Les conquêtes romaines sont interrompues par la mort subite de Carus, en juillet 283. Selon les sources officielles, sa tente a été frappée par un éclair pendant un orage. Pour certains de ses soldats, sa mort est un châtiment divin pour avoir outrepassé les frontières légitimes de son Empire. D’autres pensent que l’Empereur a été empoisonné, peut-être par son garde du corps, le futur Empereur Dioclétien. Le meurtre en pleine campagne d’un Empereur victorieux serait cependant surprenant.
Pièce à l’effigie de Numérien
Son fils Numérien, qui n’a pas les compétences militaires de son père, retire immédiatement les troupes romaines de Perse. Tous les territoires conquis sont perdus.
Pendant le voyage de retour, Numérien, malade, voyage dans un carrosse fermé. Son préfet du prétoire, Arrius Aper, commande ses troupes à sa place. Un jour, des soldats remarquent une forte odeur qui sort de son carrosse. Ils ouvrent le carrosse et découvrent le corps de Numérien, mort depuis plusieurs jours. Arrius Aper est accusé de l’avoir tué et caché sa mort. Dioclétien, le garde du corps de l’Empereur, tue Arrius Aper et est proclamé Empereur par les troupes. Il est possible que Dioclétien ait lui-même tué Numérien.

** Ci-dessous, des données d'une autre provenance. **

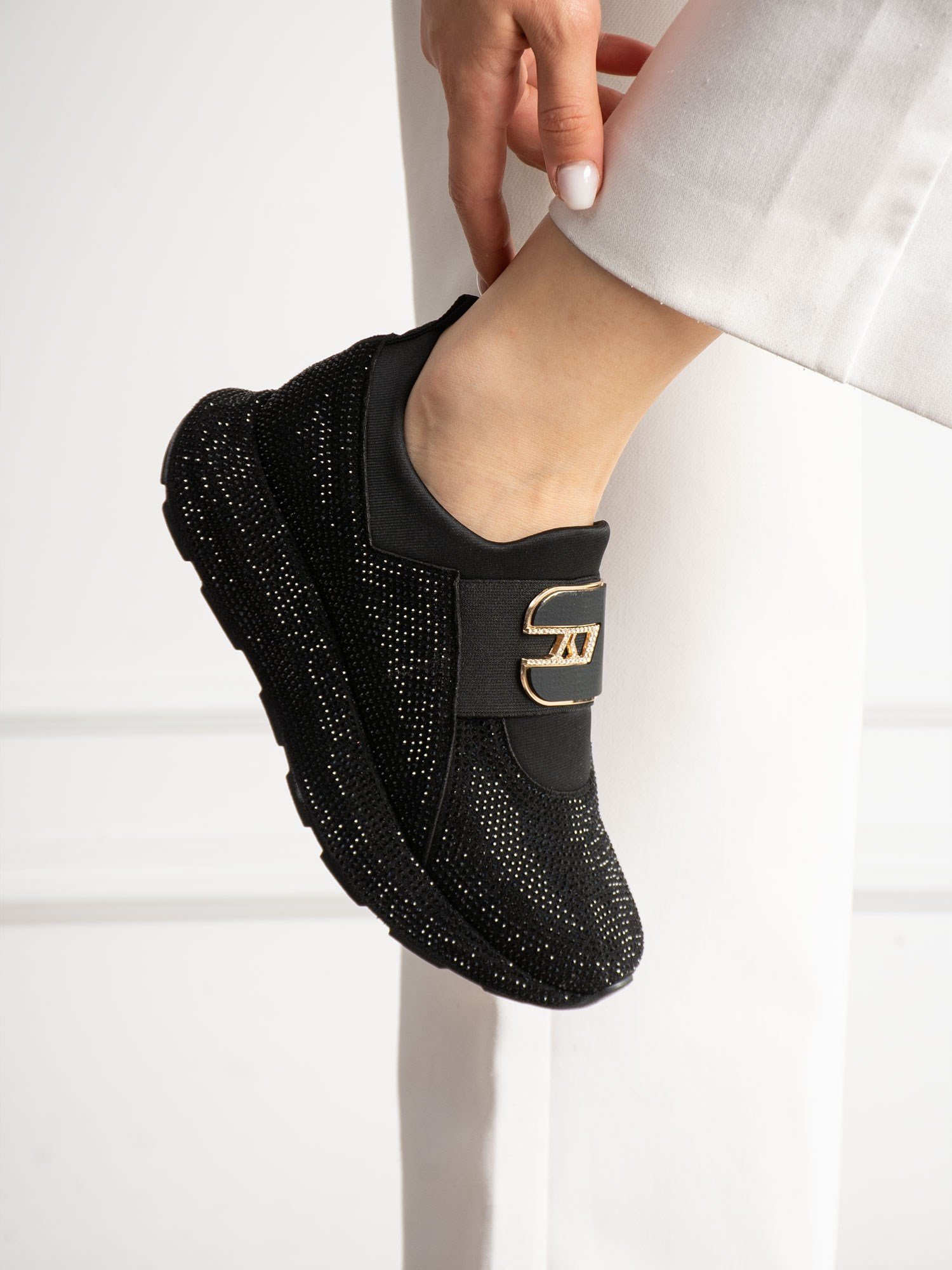KOTSENG Siyah Taşlı Kadın Sneakers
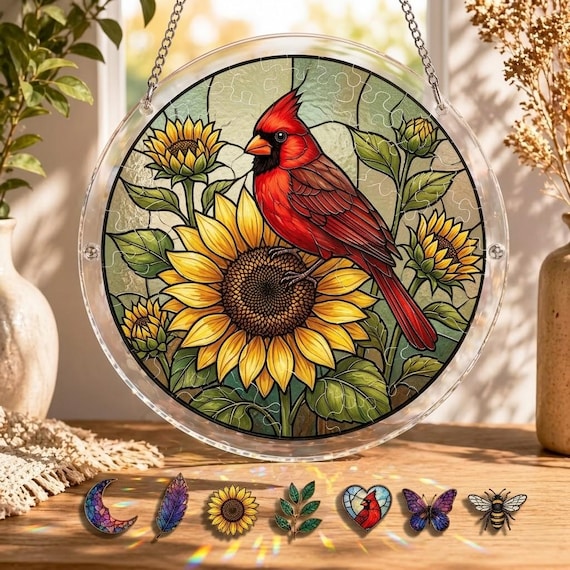 Cardinal Sunflower Stained Glass Suncatcher Puzzle, Bird Lover Gift, Mother's Day Gift, Acrylic Jigsaw DIY Kit, Window Hanging Decor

Carinus, resté à Rome pour régner en l’absence de son père, marche à la rencontre de Dioclétien pour l’affronter. Avant la bataille, ses troupes l’abandonnent et rejoignent le camp de Dioclétien. Carinus est tué et Dioclétien s’impose comme le seul Empereur.
Une dynastie africaine ?
Les sources les plus anciennes s’accordent toutes à dire que Carus est né à Narbo (Narbonne), au Sud de la Gaule, et a grandi à Rome.
Couverture d’une édition de l’Histoire Auguste
L’Histoire Auguste, une collection de biographies tardives d’Empereurs romains, qui date du 4° Siècle, affirme qu’il était plutôt d’origine illyrienne (Balkans). Le texte cite aussi un certain Fabius Cerilianus, un auteur inconnu par ailleurs, selon lequel « ses parents n’étaient point Pannoniens [la Pannonie est une région de l’Illyrie], mais Carthaginois ». (Source)

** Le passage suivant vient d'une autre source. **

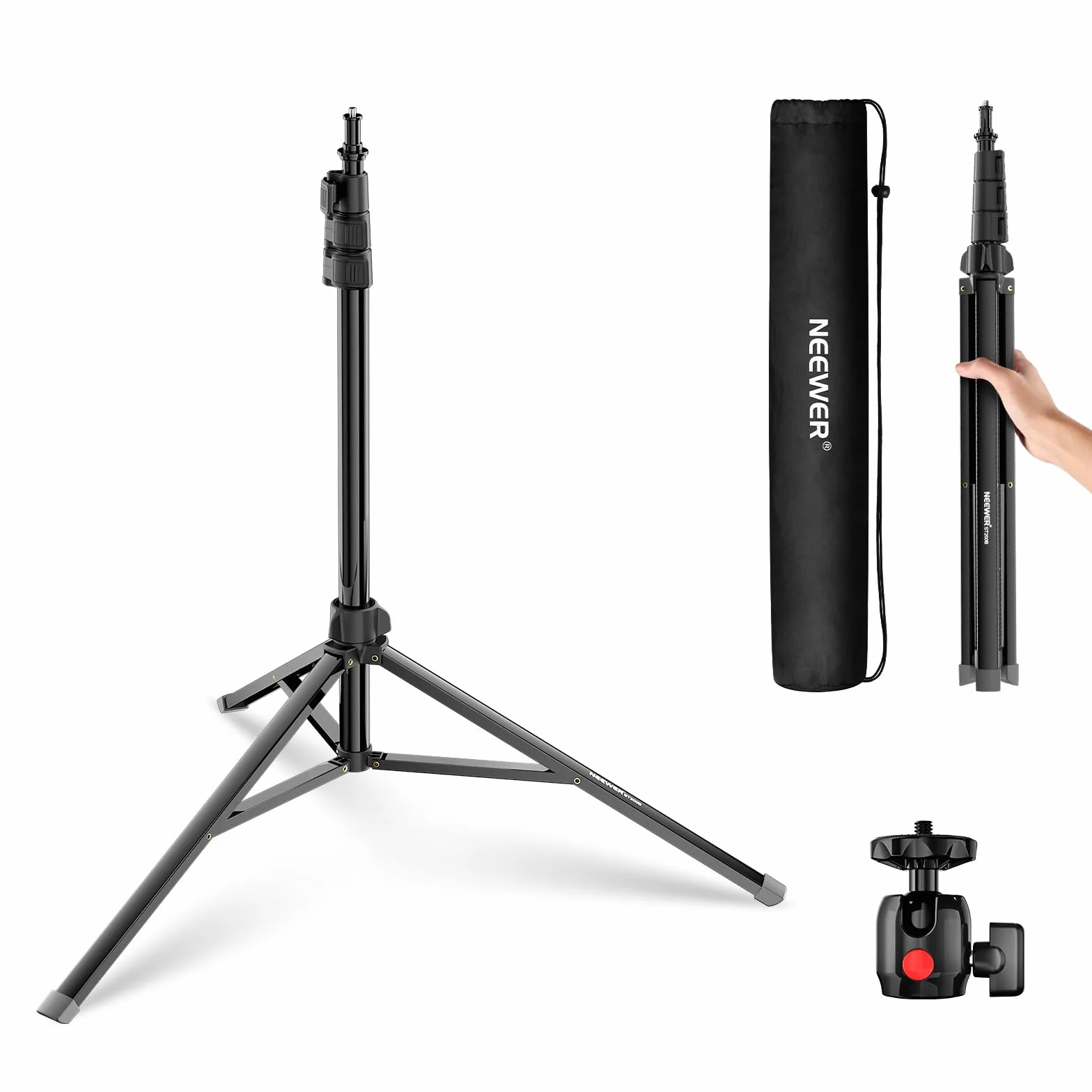 NEEWER Stojak na oświetlenie fotograficzne 56-200 cm ze śrubą 1/10.2 cm, maksymalne obciążenie 8,8 lb/4 kg, aluminiowy przenośny statyw studyjny, stojak wideo na telefon do aparatu stroboskopowego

L’historien du 16° Siècle Joseph Scaliger a repris l’Histoire Auguste comme une source valide, affirmant que les autres sources se sont trompées et que « Narbo » est en fait la ville de Narona, en Dalmatie (Croatie actuelle). Scaliger ne se prononce pas sur l’idée que les parents de Carus étaient originaires de Carthage. D’autres historiens après lui, dont le classique Histoire de la décadence et de la chute de l’Empire romain de l’historien britannique Edward Gibbon, ont repris sa version. (Source)
L’historiographie moderne a cependant démontré que l’Histoire Auguste n’est pas une source historique fiable. Les Illyriens avaient la réputation d’être de vaillants soldats, ce qui explique pourquoi une biographie romancée inventerait des origines illyriennes à Carus. De plus, les prédécesseurs immédiats de Carus étaient Illyriens, de même que Dioclétien et ses successeurs. En faisant de Carus un Illyrien, l’Histoire Auguste obtient donc une longue liste ininterrompue d’Empereurs illyriens.
Par conséquent, les historiens plus récents admettent que Carus est né à Narbo, en Gaule, et n’avait pas d’origines illyriennes ni africaines.